Speaking at the Book Industry Study Group’s (BISG) annual meeting held September 30, in New York, newly appointed executive (as of Oct. 3) director Brian O’Leary previewed the organization’s forthcoming strategic plan. In a 15-minute talk, O’Leary, a longtime consultant and BISG board member, praised the plan he is now tasked with implementing as the group’s leader, and spoke confidently about BISG’s future.
“When I was talking with the executive committee about taking this position, one of the things that really influenced me most was the coherence and credibility of the strategic plan you're going to see in a couple of weeks,” O’Leary told members, calling the plan a set of initiatives members “can take to the bank.” He said the plan’s broad strokes are all “member-facing,” measurable and “pretty darn doable.”
In his first address to BISG members since being named the successor to Mark Kuyper, who abruptly resigned from BISG in August after just a year on the job, O’Leary acknowledged the challenges the group faces, and stressed the importance of focusing on the organization’s fundamental work.
Paraphrasing fellow BISG board member Peter Hildick-Smith, O’Leary acknowledged that BISG “can't be everything to everybody,” and conceded that the group in recent years had been “pulled in a lot of different directions” that were “not necessarily driving us closer to the vision that we all have, and our mission, which is to create a more informed, powerful and efficient book industry.”
O’Leary sketched for members the broad strokes of the plan, including the group’s core values, and its objectives. Among the BISG objectives he outlined: to establish BISG as the “information hub” for the book industry; to maintain a growing and diverse membership base; to foster the “development, refinement, and use of standards” across the global book industry supply chain; and lastly, undertaking research that will “shape the conversation” about the current state, and the future of book publishing.
O’Leary made clear, however, that the research component of BISG, which he acknowledged had, over the years, become a “hallmark” of BISG’s work, was not the group’s priority. “Standards are more closely aligned with where we are right now,” he said. And, he stressed the need to focus on growing and maintaining a diverse membership.
“Not just because you want to be growing and diverse, but because that's a critical component to solving the problems that we need to solve,” he explained. “At the level of the board, committee chairs, the makeup of committees and working groups, if we don't have diverse representation, our solutions are not going to be best in class.”
Which is not to say that BISG is abandoning its research work. “I'd love to be able to figure out what would be of service to the industry,” O’Leary said, regarding BISG’s future research projects. “But first we have to execute on the first three [objectives]. We need to deliver the goods, and if we don't deliver the value you need as members, what you need as a part of the book industry supply chain, then all the other ideas don't matter.

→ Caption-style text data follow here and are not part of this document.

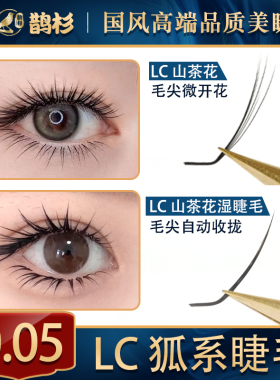鹊杉LC型狐系睫毛嫁接LB型广角中泰式漫画山茶花不散根美睫店专用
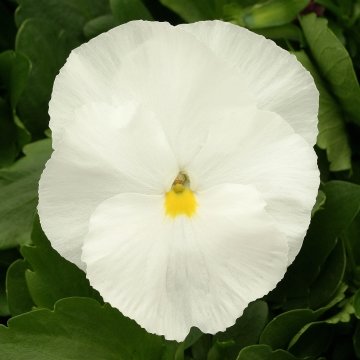 Виола виттрока (Viola x wittrockiana)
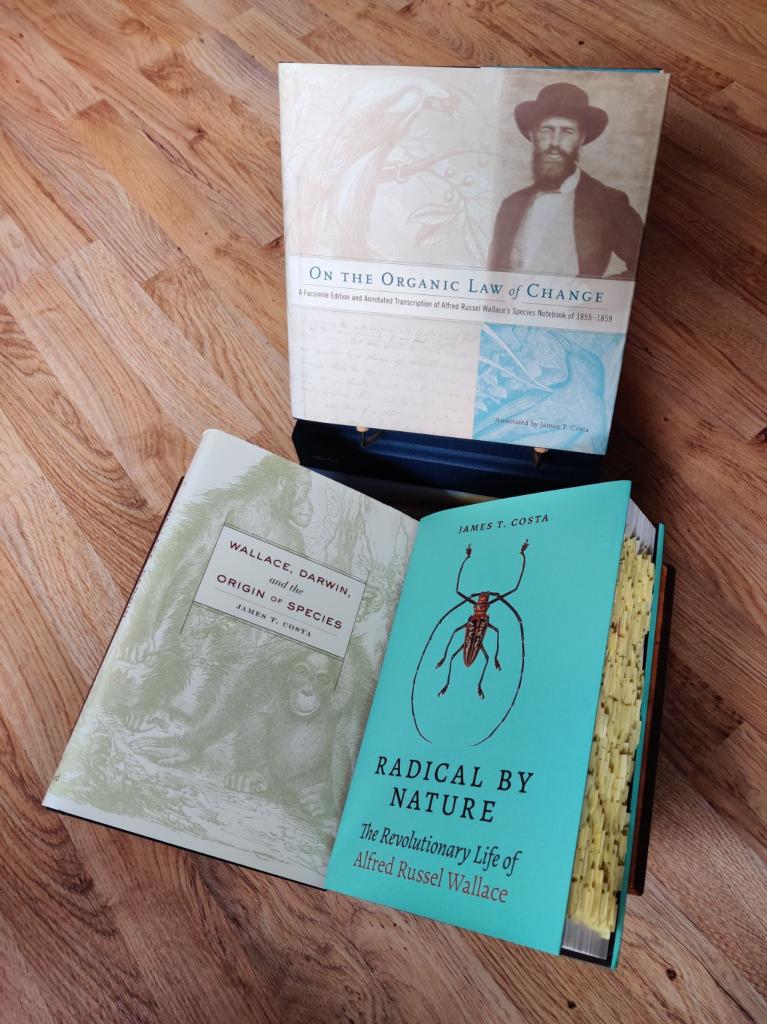 A photo of three books on Alfred Russel Wallace (On the Organic Law of Change; Wallace, Darwin, and the Origin of Species; and Radical by Nature) written by James T. Costa. The book are resting on assorted bookstands and Radical by Nature is full of yellow post-it notes.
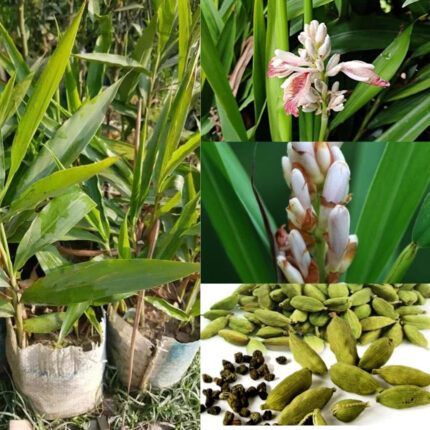 elaichi plant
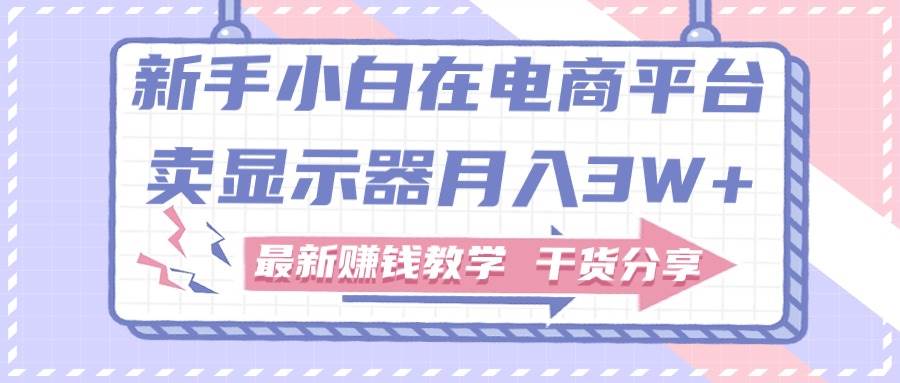 新手小白如何做到在电商平台卖显示器一个月3W+,最新赚钱教学干货分享,源码仅供个人学习研究,不可商用
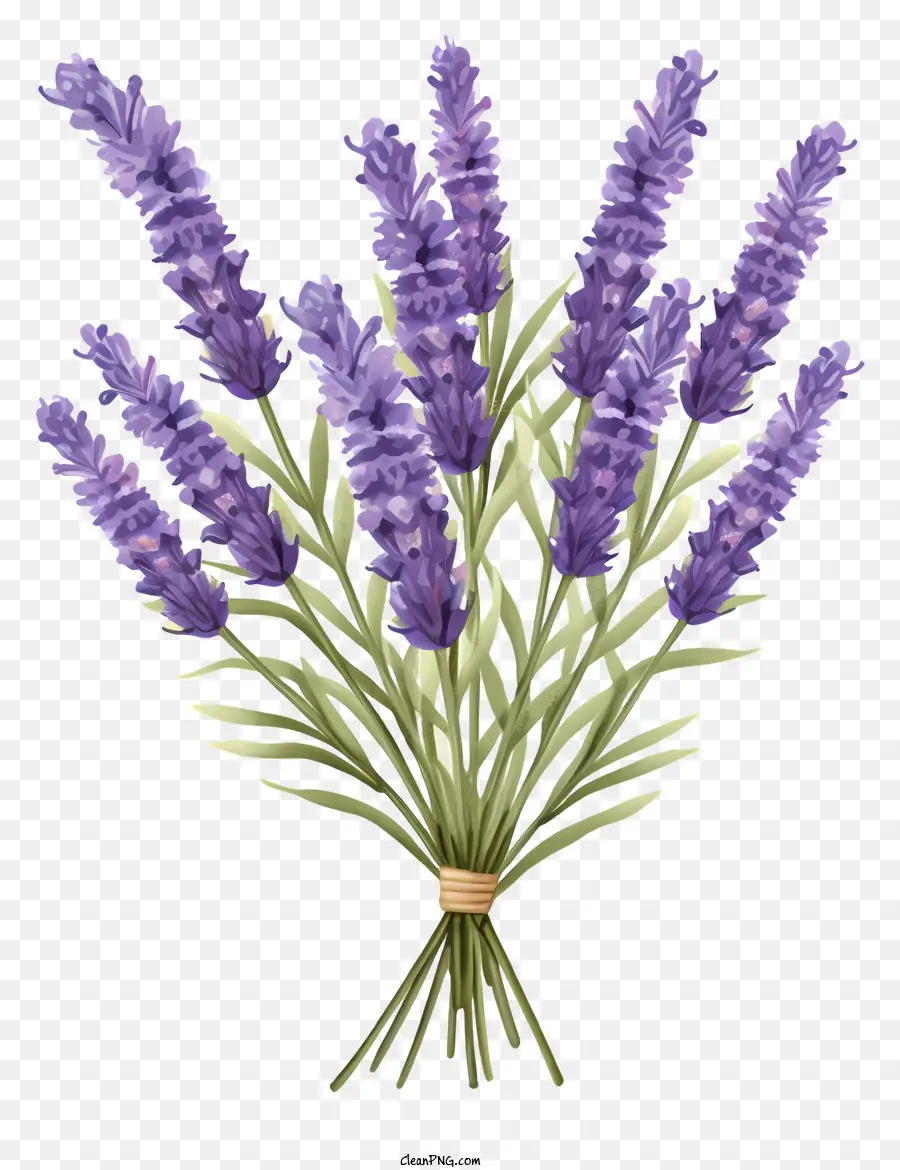 Flores De Lavanda，Lavanda PNG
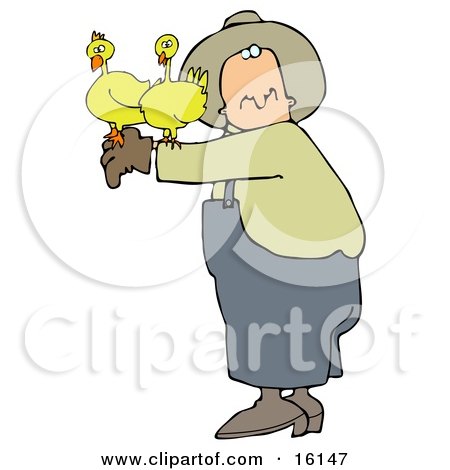 Male Farmer Holding Two Yellow Chickens On His Arm  Posters, Art Prints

So that's the thing I'm most committed to.”
O’Leary’s talk came after a morning in which BISG treasurer Maureen McMahon (president & publisher, at Kaplan Publishing) briefed members on the state of the BISG union, and described it as an organization in a “rebuilding year."
In addition to resolving back office issues—specifically, recent difficulties managing membership dues—McMahon reported that the group had also “hit reset” on staffing, and had downsized its office space, moves not only designed to save money, but to give O’Leary flexibility in creating the organization he needs to execute the new strategic plan.
But, despite what he characterized as “a tough year” for BISG, it was also a productive year, added Wiley v-p Peter Balis, in which membership actually rose (from 178 to 184 members), with new members ranging from EBSCO, to the University of Nebraska Press, and the W3C. And there was much to look forward to in the coming year in addition to the strategic plan, including a partnership with Outsell, and work on an improved website.
Among the highlights of the day’s program, John Ingram, chairman of Ingram Content Group, was awarded the BISG Award for Excellence for “leading his company and driving the transformation of Ingram Content Group.”
Ingram later participated in a panel discussion, and spoke of his philosophy on transformation. “The big thing, it is a mindset,” he said, noting that at Ingram the company has developed a motto: brave, not stupid. “It can be a pretty fine line between being brave and being stupid, but I think what I'm getting at is that you have to be aspirational. Which means you're setting targets that you may never get to. And, that's really OK, because you're likely to get so much further down the road with aspirational targets in my opinion.”